04 Januari 2011

Pendidikan,HAM yang Terabaikan

Oleh: Sabri Hamri
Peneliti Pusat Studi Fakultas Hukum Unand
Anggota Forum Peduli Pendidikan

Pendidikan merupakan salah satu bagian dari Hak Asasi Manusia. Konstitusipun telah menjamin hak setiap warga negara untuk meperoleh pendidikan tanpa terkecuali. Tanpa memandang kelas sosial di dalam masyarakat. Artinya baik golongan miskin maupun kaya berhak mendapatkan pendidikan.Namun kenyataan yang terjadi, tidak semua anak negeri yang dapat mengenyam bangku pendidikan tersebut. Masih banyaknya anak yang putus sekolah bahkan tidak sekolah sama sekali menjadi salah satu bukti nyata buat kita semua.
Kalau dilihat lebih jauh , pada prinsipnya hak asasi manusia didalamnya terkandung prinsip kesetaraan, prinsip pelarangan diskriminasi dan kewajiban positif yang dibebankan kepada setiap Negara . Prinsip-prinsip inipun juga ada dalam pemenuhan pendidikan. Dimana pemenuhan pendidikan tidak boleh diskriminatif. Selain itu Negara mempunyai kewajiban untuk membiayai pendidikan dasar dan tanggung jawab untuk mencerdaskan kehidupan bangsa.

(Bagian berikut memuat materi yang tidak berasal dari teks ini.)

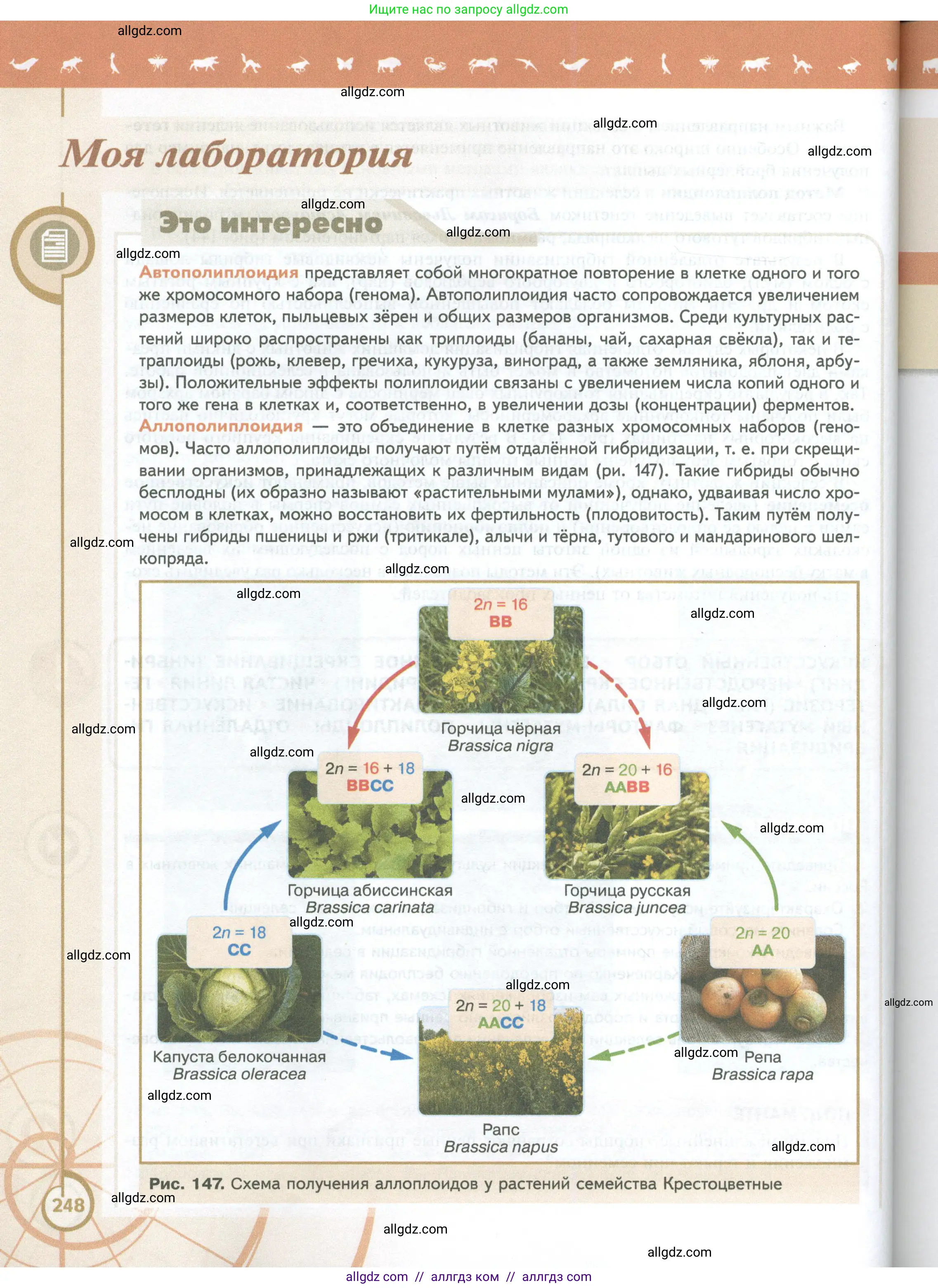 Биология, 10 класс Учебник, авторы: Пасечник Владимир Васильевич, Каменский Андрей Александрович, Рубцов Александр Михайлович, Швецов Глеб Геннадьевич, Абовян Леван Арташесович, Гапонюк Зоя Георгиевна, издательство Просвещение, Москва, 2024, коричневого цвета, страница 248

Masih segar dalam ingatan kita ketika UU Badan Hukum Pendidikan (UU BHP) di berlakukan pada tahun 2009. Ketika itu pula timbul pro dan kontra. Sikap pro banyak di dukung oleh perguruan tinggi ternama di Indonesia. Sebaliknya sikap konrta dibangun oleh lapisan masyarakat hingga mahasiswa. UU BHP telah dianggap memainkan peran sentral dalam mengkomersialisasikan (jualbeli) dunia pendidikan. Dalam konsep UU BHP, pendidikan dapat melakukan investasi. Seperti perusahaan, bisnis tersebut dapat berkembang dan dapat pula mengalami kepailitan. UU BHP cukup menggambarakan kepada kita bahwa negara ingin melepaskan tanggungjawabnya membiayai pendidikan. Tanggungjawab jawab tersebut perlahan-lahan diserahkan kepada pembeli saham pendidikan.
Dalam putusan uji materi UU BHP, Mahkamah Konstitusi membatalkan UU tersebut karena bertentangangan dengan UUD 1945. Putusan MK tersebut pun disambut baik oleh masyarakat. Karena UU BHP tidak hanya mengkomersialisasikan pendidikan tetapi juga memprivatisasi pendidikan. Sehingga pendidikan akan menjadi mahal dan tidak terjangkau oleh masyarakat terutama masyarakat tidak mampu.
Selanjutnya selang beberapa bulan dari putusan MK tersebut. Masyarakat kembali dikejutkan dengan keberadaan Rintisan Sekolah Bertaraf Internasional (RSBI). Sekolah yang menetapkan harga mahal bagi siswanya. Tak tanggung-tanggung uang masuk sekolah ini berkisar antara 5 juta sampai belasan jutaan rupiah. Jumlah yang tentunya tak sedikit bagi siswa berprestasi tetapi berasal dari kalangan tidak mampu. Dalam hal ini telah terjadi kastanisasi dalam pendidikan. Pendidikan dibagi dalam kelas-kelas yang berbeda. Ada kelas untuk si kaya dan ada pula kelas untuk si miskin. Padahal sebenarnya, sekolah standar internasional yang termaktub dalam UU Sisdiknas lebih diarahkan kepada untuk meningkatkan pendidikan di Indonesia agar sejajar dengan Negara lainnya . Bukan untuk mencari keuntungan. Atau mengkelaskan suatu sekolah. Hal inilah yang dinamakan dengan kastanisasi pendidikan.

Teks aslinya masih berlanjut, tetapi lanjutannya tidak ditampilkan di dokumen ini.